Task to complete: Below this line is the material. Write out only its lines from the one containing "Icon of a photo" through the one containing "Botki Z Futerkiem", both kept, exactly.

Recorded data:
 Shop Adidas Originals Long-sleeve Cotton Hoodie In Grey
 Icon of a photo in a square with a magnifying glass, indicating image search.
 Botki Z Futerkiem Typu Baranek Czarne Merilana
---
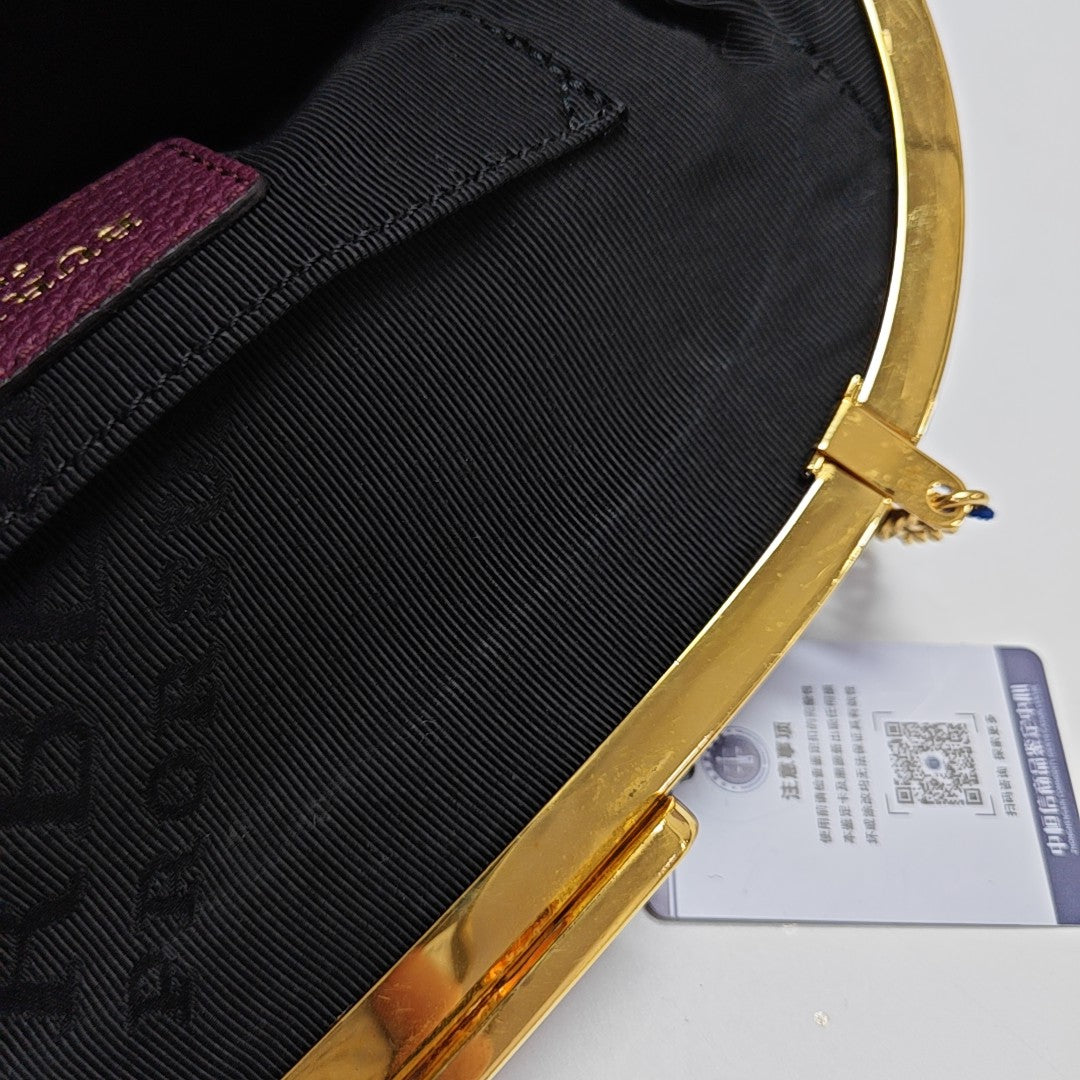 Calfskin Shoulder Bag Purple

Output:
 Icon of a photo in a square with a magnifying glass, indicating image search.
 Botki Z Futerkiem Typu Baranek Czarne Merilana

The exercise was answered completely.